# Do You Regularly Use Fabric Softener When You Do the Laundry?



## SeaBreeze (Aug 7, 2018)

I had a load going that I just put into the dryer.  For the longest time I use the less expensive Kirkland dryer sheets from Costco in my dryer, they lasted forever, but finally when I ran out last week I started using Bounce sheets, nice to have a change in smell.  I always use unscented detergent though.

My husband and I bought a couple of new pairs of cargo pants awhile back that were a bit stiff and uncomfortable.  For the first time I bought the liquid Downy softener, we both liked that smell, but it took repeated washings and still the pants aren't as soft as I'd like.

I use softener to help with wrinkles and static cling.  Do you use a fabric softener or conditioner, if so, what type and brand?


----------



## ProsperosDaughter (Aug 7, 2018)

I use white vinegar in my final rinse. I do not care for the softener residue of the scent.


----------



## Marie5656 (Aug 7, 2018)

*I usually use the liquid rather than sheets.  Personal preference.  Everything except for the towels, and the fleece I put in the rats' cage ( not good for them.)*


----------



## hollydolly (Aug 7, 2018)

I used to always use Bounce, and I tried the kirkland sheets in the dryer , but we stopped shopping at Costco a long time ago, so now I just buy generic supermarket sheets..I don't like to put liquid  softener in my washing machine


----------



## Keesha (Aug 7, 2018)

I use vinegar also but I’ve been known to use downy,Kirkland  or gain fabric sheets. I like the smell and the way it reduces wrinkles. The clothes are softer.


----------



## SeaBreeze (Aug 7, 2018)

Marie5656 said:


> *I usually use the liquid rather than sheets.  Personal preference.  Everything except for the towels, and the fleece I put in the rats' cage ( not good for them.)*



I agree Marie, I try to keep artificial scents away from my furkids if possible.


----------



## SeaBreeze (Aug 7, 2018)

Keesha said:


> I use vinegar also but I’ve been known to use downy,Kirkland  or gain fabric sheets. I like the smell and the way it reduces wrinkles. The clothes are softer.

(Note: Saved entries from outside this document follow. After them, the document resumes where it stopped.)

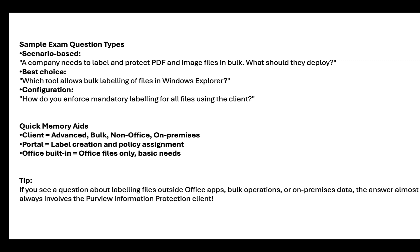And a final tip, if you see a question about labeling files outside office apps, bulk operations, or on-premises data, the answer almost always involves the Purview information protection client. And that's how you plan, implement, and use the Microsoft Purview information protection client.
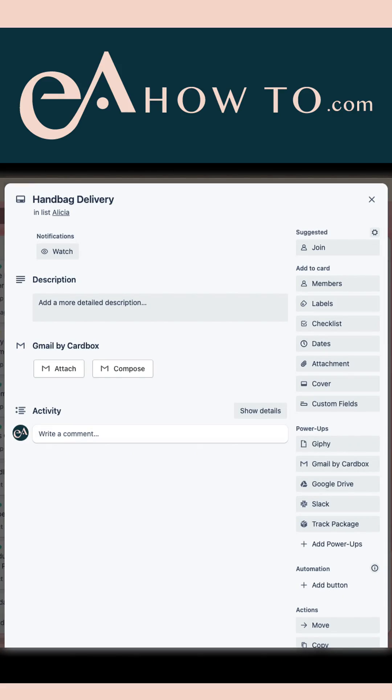Today I want to show you one of my new favorite Trello power-ups, and it is the Package Tracker power-up. Package Tracker does exactly what it says on the tin. It allows you to track packages right from Trello and automatically updates information on orders and shipments.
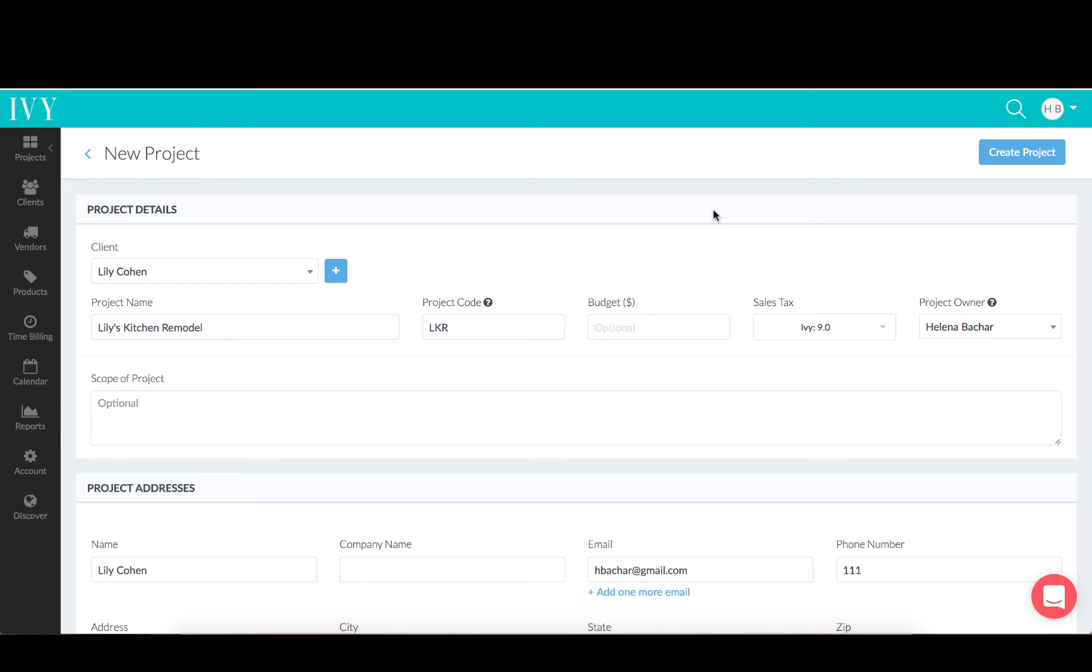Hi everyone, I wanted to share Ivy's newest feature with you, the ability to set an owner for projects and documents.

I used to use Gain detergent years ago before I went more natural, really liked that scent, so did hubby.


----------



## jujube (Aug 7, 2018)

If you do use fabric softeners, be sure to periodically wash your dryer lint trap with hot soapy water.  You don't notice it, but the residue seals up the mesh and you don't get the air flow you need.  Pull the trap out and run some water through it.  If it beads up, it needs washing.


----------



## Butterfly (Aug 7, 2018)

I use the liquid Downy.


----------



## Camper6 (Aug 8, 2018)

I felt the dryer sheets made the clothes feel 'waxy'. I guess that's why it works against static cling. But I don't use it anymore. I don't use anything other than a bit of soap in the wash machine.

How really dirty do clothes get anyway?


----------



## terry123 (Aug 8, 2018)

Use half a dryer sheet and no liquid softener.  Dryer sheet can be reused several times.


----------



## IKE (Aug 8, 2018)

I try to stay as far away from the washer and dryer as humanly possible but I see that mama uses Tide that has Downy already in it plus she also uses Cuddle Soft dryer sheets......I guess she uses both to ensure that my drawers will be nice and soft and won't chafe my delicate little tooshie.


----------



## Aunt Bea (Aug 8, 2018)

Another vote for 1/2 of a dryer sheet!

I use Breezy 55 to a box from the dollar store.

I also use the fragrance enhancing crystals from the dollar store with good results.


----------



## Lara (Aug 8, 2018)

Just dryer sheets, Bounce. Not liquid softener.


----------



## RadishRose (Aug 8, 2018)

No fabric softeners.


----------



## JFBev (Aug 8, 2018)

I use fragrance/dye free for both detergent and dryer sheets (no dryer sheets for towels or bathrobes so they stay absorbent).


----------



## AprilT (Aug 8, 2018)

Allergic to fabric softeners, so only use white vinegar.  I used to add essential oil to the vinegar, but even that my skin doesn't like, so vinegar alone is what I use now; I was using it anyway in the laundry for extra cleaning power, the softening effects are a bonus.


----------



## AprilSun (Aug 9, 2018)

jujube said:


> If you do use fabric softeners, be sure to periodically wash your dryer lint trap with hot soapy water.  You don't notice it, but the residue seals up the mesh and you don't get the air flow you need.  Pull the trap out and run some water through it.  If it beads up, it needs washing.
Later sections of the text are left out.